A Los Angeles trader said the market has been higher for weeks, driven mainly by the fact that tax rates are going to go up. “It’s been a strong couple of weeks,” he said. “It’s going back to the election and the expectation that there are going to be higher rates.”

With higher tax rates already approved by the voters in California, California general obligation bonds have seen support over recent weeks as investors look for a haven from those looming higher taxes. “There is definitely a positive feeling for California GOs which has driven that market higher and the rest of the country too. There is so much money flowing into municipal bond funds.”

He added going forward, supply is expected to decrease as the end of the year approaches and what little selling pressure there is will be reduced further. “A lot of the institutions will start shutting down in the middle of December so looking forward you see very little reason to think prices are going down.”

In the primary next week, the municipal market can expect $8.36 billion in municipal bonds, up from this week’s revised $6.74 billion. In the negotiated market, $6.77 billion is expected next week, up from this week’s revised $4.83 billion. In competitive deals, $1.59 billion is expected next week, up from this week’s revised $1.19 billion.

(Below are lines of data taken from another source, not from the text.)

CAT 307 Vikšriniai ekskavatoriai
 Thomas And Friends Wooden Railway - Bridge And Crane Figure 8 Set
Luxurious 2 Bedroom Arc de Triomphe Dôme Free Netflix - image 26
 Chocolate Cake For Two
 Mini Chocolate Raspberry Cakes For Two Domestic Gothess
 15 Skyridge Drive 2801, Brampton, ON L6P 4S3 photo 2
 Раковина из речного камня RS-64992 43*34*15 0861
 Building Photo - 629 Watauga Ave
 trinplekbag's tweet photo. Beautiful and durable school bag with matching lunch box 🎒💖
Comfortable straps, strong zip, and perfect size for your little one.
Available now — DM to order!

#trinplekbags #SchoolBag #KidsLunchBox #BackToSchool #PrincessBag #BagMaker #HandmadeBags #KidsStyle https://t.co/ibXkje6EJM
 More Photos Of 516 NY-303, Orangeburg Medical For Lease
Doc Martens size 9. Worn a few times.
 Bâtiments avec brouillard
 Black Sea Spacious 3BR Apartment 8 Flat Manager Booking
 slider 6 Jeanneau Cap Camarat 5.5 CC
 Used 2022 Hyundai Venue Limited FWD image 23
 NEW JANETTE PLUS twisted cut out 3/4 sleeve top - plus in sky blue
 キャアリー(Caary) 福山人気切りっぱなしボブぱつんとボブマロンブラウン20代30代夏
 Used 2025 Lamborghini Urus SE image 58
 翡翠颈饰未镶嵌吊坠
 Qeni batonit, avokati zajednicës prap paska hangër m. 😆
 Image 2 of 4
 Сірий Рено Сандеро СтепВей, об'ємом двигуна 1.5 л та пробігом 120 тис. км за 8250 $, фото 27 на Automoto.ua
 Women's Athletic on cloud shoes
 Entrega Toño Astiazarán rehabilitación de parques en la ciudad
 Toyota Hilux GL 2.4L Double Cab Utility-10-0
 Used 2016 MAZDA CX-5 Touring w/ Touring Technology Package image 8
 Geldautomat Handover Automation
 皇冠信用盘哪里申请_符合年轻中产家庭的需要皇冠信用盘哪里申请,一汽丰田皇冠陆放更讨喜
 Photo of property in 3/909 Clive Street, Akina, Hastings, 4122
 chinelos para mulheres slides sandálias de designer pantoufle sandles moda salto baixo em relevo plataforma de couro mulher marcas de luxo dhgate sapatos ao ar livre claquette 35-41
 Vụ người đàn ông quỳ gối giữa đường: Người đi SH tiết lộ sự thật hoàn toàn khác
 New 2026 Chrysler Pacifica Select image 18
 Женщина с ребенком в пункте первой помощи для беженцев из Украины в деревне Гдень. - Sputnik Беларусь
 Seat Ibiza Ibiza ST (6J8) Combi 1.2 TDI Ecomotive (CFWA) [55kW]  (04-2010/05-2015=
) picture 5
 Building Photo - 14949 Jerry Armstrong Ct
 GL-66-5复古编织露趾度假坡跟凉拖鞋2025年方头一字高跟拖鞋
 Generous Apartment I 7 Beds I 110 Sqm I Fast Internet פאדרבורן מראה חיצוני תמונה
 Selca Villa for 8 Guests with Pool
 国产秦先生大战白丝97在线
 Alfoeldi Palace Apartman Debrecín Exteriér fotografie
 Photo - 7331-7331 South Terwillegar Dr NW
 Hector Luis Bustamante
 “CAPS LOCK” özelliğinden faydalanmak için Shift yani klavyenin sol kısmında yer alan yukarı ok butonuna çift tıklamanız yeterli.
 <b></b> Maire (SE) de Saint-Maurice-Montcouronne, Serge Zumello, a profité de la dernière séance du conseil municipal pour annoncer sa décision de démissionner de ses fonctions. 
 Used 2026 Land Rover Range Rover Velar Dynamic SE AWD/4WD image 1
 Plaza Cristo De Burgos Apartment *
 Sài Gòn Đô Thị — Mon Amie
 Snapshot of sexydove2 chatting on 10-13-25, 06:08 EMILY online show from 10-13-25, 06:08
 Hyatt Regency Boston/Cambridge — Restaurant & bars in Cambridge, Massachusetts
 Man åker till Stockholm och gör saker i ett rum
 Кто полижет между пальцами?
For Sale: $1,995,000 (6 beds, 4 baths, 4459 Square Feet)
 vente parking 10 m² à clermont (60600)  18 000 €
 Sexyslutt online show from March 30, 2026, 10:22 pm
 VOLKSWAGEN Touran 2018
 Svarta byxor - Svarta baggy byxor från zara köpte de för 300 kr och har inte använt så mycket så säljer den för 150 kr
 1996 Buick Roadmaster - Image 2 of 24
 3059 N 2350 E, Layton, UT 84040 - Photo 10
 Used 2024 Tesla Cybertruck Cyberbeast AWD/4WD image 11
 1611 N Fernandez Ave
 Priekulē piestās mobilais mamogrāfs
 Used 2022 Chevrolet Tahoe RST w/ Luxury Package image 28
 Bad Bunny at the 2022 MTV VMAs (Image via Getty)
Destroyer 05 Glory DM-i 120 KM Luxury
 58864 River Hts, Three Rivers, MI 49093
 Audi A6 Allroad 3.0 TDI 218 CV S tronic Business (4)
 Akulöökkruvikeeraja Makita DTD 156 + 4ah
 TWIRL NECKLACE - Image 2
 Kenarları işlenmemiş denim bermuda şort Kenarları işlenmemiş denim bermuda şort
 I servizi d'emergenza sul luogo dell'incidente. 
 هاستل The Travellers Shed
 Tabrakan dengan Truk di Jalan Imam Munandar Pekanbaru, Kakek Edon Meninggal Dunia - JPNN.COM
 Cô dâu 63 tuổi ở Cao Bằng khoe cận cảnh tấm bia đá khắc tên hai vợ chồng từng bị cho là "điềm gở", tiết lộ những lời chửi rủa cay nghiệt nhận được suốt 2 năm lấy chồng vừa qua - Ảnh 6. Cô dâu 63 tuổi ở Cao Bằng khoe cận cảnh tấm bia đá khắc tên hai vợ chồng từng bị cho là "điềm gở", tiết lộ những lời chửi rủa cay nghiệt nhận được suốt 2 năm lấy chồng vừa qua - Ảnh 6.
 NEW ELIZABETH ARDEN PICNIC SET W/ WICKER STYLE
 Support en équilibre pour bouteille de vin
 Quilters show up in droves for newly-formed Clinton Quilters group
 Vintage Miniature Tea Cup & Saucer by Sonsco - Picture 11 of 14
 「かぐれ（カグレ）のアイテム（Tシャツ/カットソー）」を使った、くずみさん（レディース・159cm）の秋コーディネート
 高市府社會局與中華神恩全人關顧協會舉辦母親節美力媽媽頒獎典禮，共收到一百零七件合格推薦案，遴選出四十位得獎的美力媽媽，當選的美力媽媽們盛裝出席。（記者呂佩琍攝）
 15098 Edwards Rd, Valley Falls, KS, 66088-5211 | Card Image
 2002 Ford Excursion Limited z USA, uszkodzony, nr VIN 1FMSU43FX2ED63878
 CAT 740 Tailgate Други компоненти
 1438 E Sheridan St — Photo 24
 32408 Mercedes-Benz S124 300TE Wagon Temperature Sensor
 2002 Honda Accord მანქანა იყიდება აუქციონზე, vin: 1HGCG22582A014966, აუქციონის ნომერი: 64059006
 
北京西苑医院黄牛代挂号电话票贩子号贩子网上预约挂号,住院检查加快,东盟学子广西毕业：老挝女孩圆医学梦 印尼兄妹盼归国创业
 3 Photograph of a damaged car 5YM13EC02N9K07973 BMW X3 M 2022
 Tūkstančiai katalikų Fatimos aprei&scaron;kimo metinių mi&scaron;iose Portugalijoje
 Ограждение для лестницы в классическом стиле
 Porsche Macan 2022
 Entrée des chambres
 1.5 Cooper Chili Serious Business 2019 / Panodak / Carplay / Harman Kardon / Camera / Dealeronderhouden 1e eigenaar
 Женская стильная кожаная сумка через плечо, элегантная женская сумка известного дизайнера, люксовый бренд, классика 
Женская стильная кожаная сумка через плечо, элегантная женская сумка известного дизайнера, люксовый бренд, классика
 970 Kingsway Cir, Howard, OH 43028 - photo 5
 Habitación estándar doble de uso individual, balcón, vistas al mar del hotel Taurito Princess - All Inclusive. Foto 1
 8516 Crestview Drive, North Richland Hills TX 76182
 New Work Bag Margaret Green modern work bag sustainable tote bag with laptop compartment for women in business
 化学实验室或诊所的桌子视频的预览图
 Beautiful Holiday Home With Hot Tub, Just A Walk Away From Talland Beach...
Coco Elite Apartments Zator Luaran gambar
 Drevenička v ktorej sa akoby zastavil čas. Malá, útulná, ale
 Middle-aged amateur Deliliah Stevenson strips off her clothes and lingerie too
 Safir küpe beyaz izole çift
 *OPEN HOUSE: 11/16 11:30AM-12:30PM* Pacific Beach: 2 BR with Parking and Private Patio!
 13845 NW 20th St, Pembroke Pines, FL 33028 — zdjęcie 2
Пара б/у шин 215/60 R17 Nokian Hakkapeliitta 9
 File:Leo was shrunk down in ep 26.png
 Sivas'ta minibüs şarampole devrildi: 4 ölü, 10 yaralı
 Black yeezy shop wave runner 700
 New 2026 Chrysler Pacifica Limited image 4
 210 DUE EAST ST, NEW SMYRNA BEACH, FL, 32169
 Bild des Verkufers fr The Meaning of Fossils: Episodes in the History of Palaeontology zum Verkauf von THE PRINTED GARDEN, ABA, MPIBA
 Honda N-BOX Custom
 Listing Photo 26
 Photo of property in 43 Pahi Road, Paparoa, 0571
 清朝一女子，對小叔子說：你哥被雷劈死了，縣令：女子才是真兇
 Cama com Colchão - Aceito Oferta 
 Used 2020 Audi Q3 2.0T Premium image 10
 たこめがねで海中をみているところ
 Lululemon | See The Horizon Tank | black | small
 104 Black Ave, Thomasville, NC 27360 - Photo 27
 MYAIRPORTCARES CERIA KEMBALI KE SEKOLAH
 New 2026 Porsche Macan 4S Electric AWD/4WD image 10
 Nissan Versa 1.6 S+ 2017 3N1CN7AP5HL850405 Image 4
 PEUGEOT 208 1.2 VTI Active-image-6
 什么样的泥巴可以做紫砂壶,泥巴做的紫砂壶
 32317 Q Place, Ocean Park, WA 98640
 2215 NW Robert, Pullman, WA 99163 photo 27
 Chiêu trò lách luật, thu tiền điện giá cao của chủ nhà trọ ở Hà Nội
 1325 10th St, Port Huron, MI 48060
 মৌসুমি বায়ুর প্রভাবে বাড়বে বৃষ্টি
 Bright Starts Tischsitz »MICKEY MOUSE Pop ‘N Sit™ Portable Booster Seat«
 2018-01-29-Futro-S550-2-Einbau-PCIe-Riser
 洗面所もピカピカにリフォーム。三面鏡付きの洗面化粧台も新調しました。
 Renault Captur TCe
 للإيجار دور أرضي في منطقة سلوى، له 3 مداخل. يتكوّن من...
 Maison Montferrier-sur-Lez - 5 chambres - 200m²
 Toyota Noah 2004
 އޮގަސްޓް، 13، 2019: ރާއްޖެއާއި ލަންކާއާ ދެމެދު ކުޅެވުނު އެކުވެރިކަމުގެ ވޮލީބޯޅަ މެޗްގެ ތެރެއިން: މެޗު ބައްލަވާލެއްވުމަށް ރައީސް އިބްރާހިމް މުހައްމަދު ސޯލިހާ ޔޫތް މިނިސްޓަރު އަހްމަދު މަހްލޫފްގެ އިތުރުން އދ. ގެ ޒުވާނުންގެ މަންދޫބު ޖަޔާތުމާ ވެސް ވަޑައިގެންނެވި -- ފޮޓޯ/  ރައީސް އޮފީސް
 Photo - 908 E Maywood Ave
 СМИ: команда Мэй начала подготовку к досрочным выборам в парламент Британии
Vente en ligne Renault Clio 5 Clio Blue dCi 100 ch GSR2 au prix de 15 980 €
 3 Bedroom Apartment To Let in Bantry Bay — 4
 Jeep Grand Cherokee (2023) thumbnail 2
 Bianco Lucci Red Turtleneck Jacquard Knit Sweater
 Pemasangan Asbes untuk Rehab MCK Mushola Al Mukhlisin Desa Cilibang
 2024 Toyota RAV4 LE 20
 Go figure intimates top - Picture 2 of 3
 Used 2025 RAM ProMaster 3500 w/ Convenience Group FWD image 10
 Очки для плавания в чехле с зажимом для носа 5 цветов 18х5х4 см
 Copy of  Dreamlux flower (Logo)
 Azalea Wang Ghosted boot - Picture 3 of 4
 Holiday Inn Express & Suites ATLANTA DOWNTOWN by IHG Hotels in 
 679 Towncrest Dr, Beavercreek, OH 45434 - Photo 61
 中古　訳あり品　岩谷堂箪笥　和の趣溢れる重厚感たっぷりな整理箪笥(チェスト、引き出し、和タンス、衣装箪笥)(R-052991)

The Municipal Market Data scale ended steady to slightly higher Thursday. The 10-year yield finished flat at 1.47%, its record low set Wednesday. The 30-year yield also finished steady at 2.47% at its record low. The two-year finished steady at 0.30% for the 44th consecutive trading session.

The Treasury yield curve steepened Friday afternoon as yields on the short end fell while yields on the long end rose. The two-year yield fell two basis points to 0.25% while the 30-year yield jumped two basis points to 2.81%. The benchmark 10-year yield was flat at 1.62%.